DCC900 dropping out like crazy after recapping

So I’ve had this DCC900 since 1998. I bought it as clearance for $25 (!) and a Philips employee gave me 3 tapes when they found them at a warehouse. Way back in 2000 that DCC player was working flawlessly. Nowadays, not so much.

I found it in my attic the other day after watching a video about R/W board. So I plugged it in and was greeted with some recordings I had made 25 years ago. It played ok. But i only played for a few seconds to confirm it was working.

So i took it apart and indeed, two caps were starting to leak. I replaced all electrolytics. I used mostly ceramic caps for the job (since I have a lot of SMD parts), but for the 63uF ones I replaced them with 100uF, and the 2.2uF NP too.

After putting everything back, it did play. It plays analog just fine, and it was playing DCC for a while. So I tried recording. Using an optical cable from my PC I recorded at 48KHz, hit rewind, play, it worked. woo.

so i tried recording a little more. and that’s when everything started failing. After those few recordings it no longer plays. But I’m not sure if it’s something else. I don’t know if it’s the pinch rollers, the felt pad, or an electrical problem. I tried service mode and in All errors mode i just see random garbage in a known recorded part of the tape. This is after trying to clean the pad which, i think, just made it worse since the pad is a little “deformed” now (i assume it’s not making proper contact against the head).

When playing, though, it does detect the parts that are recorded at 44k as 44k, and the B-side of the tape, which i recorded at 48k, is detected as 48k. It also (sometimes) stops at the markers. It even detects marker number.

Should I stop what I’m doing now and somehow try to find a “known good” tape? The other two tapes I have are somewhere in the house, lost to time, sealed in their original package. I haven’t seen them in years.

I think it may not be related to the recapping. It COULD be a broken flex cable but I don’t think so. I don’t remember sticking anything magnetic near the head.

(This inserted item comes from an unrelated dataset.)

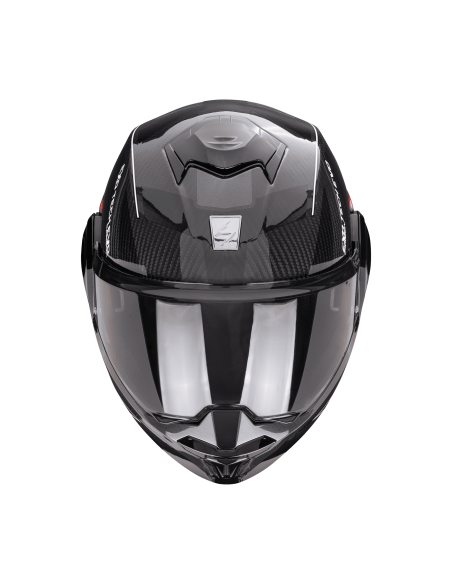SCORPION EXO-TECH EVO CARBON CAD BLACK/RED FLIP-UP MOTO ŠALMAS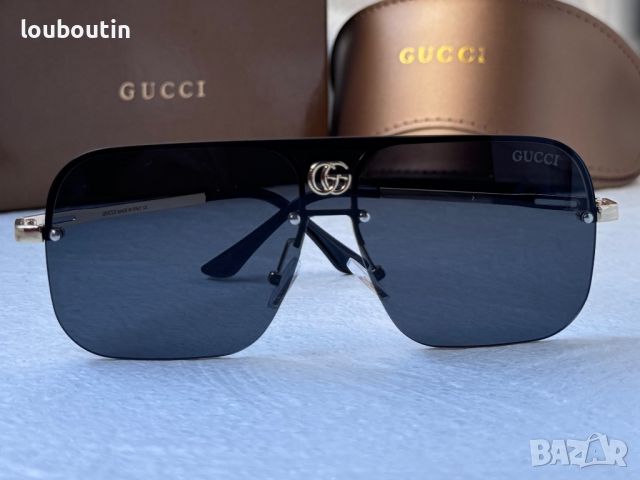 Gucci 2024 мъжки слънчеви очила маска, снимка 5 - Слънчеви и диоптрични очила - 46516745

Anything else I can try before trying to buy a new DCC tape?

Well, against my experience, I decided to start messing with knobs and see what changed.

I decided to try changing the azimuth adjustment first. After some messing with it, it actually started playing. I had severe drop outs, like several seconds. After touching the azimuth i had choppy audio. So I kept turning the screw and it kept improving.

I also took a look at the tape speed adjustment, and read level. After touching these 3 my 25 year old tape started playing just fine. There is only an occasional drop out but nothing major. ALL ERRORS mode shows 00 00000000 with random 1-track errors here and there.

Recording is a different problem. It records, but it keeps dropping out. I think this may be a mechanical problem (pinch rollers) as playing a tape with errors may be more “forgiving” but writing with errors + reading with errors isn’t going to work.

Adjusting the record current helped but not significantly.

I think I’ll order a set of belts and pinch rollers and see.